■ **Work instruction**
The result should be an exact copy of the data, free of pictures.

■ **Supplied information**
━━━━━━

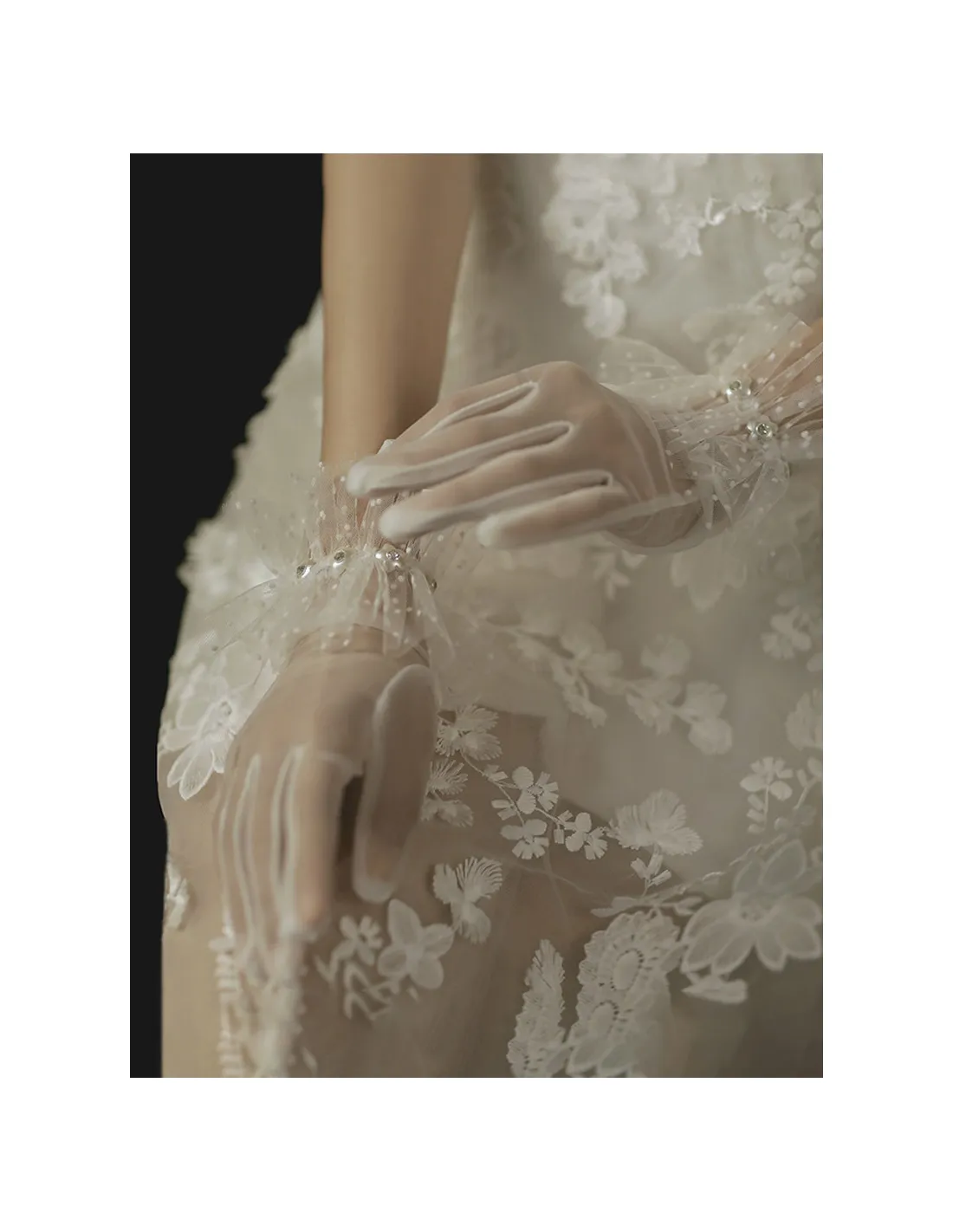 Guanti da sposa corti bianco seta con tulle a pois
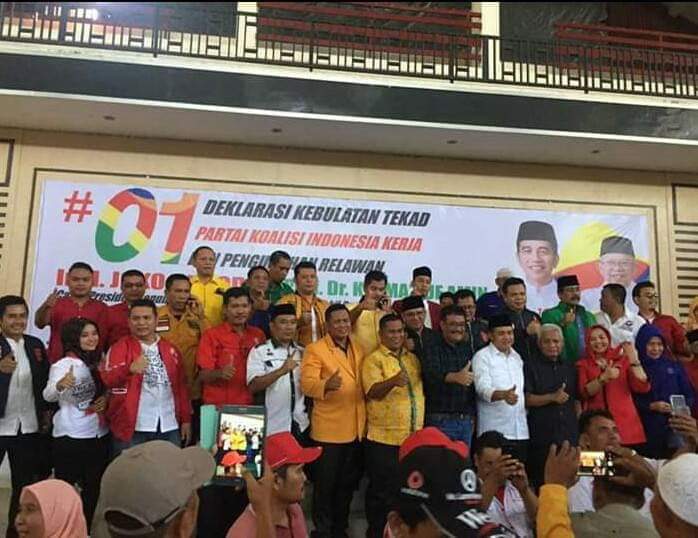 Ribuan Pendukung Jokowi-Amin dan Partai Koalisi Indonesia Kerja  Deklarasikan Kebulatan Tekad di Asahan  ASAHAN | SUMUT24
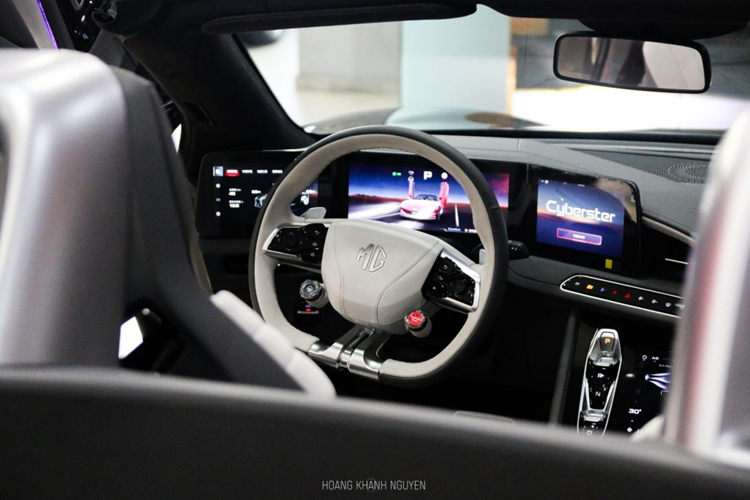 Về nội thất, bên trong khoang lái của MG Cyberster chạy điện chỉ có hai chỗ ngồi với ghế thể thao hình chữ "Y". Xe được trang bị vô lăng vát đáy thể thao, tích hợp lẫy để chỉnh hệ thống phục hồi động năng và bảng đồng hồ kỹ thuật số thiết kế cong là sự kết hợp của ba màn hình trên mặt táp-lô.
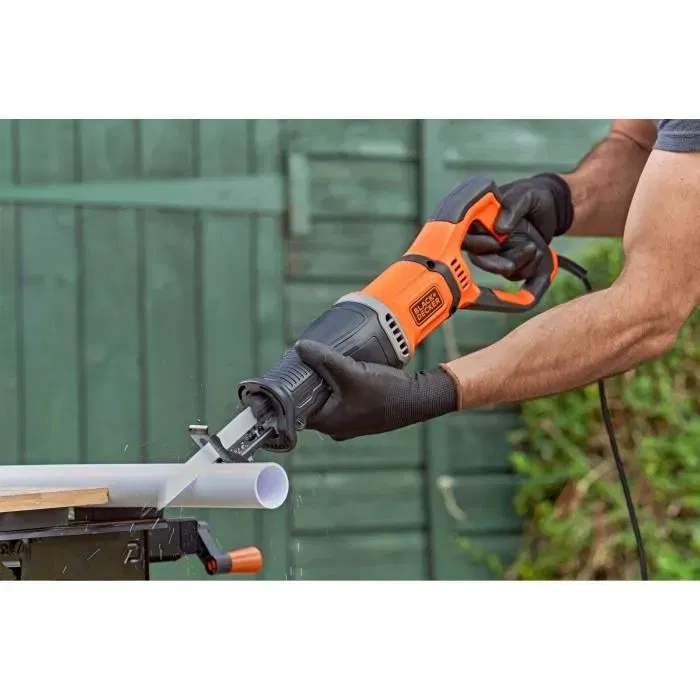 Black + Decker BES301K-QS Scie électroportative 750W, vitesse variable 0-2800 tr/min, coupe bois, métal, plastique, support de branche amovible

━━━━━━

■ **Exercise result**
 Guanti da sposa corti bianco seta con tulle a pois
 Ribuan Pendukung Jokowi-Amin dan Partai Koalisi Indonesia Kerja  Deklarasikan Kebulatan Tekad di Asahan  ASAHAN | SUMUT24
 Về nội thất, bên trong khoang lái của MG Cyberster chạy điện chỉ có hai chỗ ngồi với ghế thể thao hình chữ "Y". Xe được trang bị vô lăng vát đáy thể thao, tích hợp lẫy để chỉnh hệ thống phục hồi động năng và bảng đồng hồ kỹ thuật số thiết kế cong là sự kết hợp của ba màn hình trên mặt táp-lô.
 Black + Decker BES301K-QS Scie électroportative 750W, vitesse variable 0-2800 tr/min, coupe bois, métal, plastique, support de branche amovible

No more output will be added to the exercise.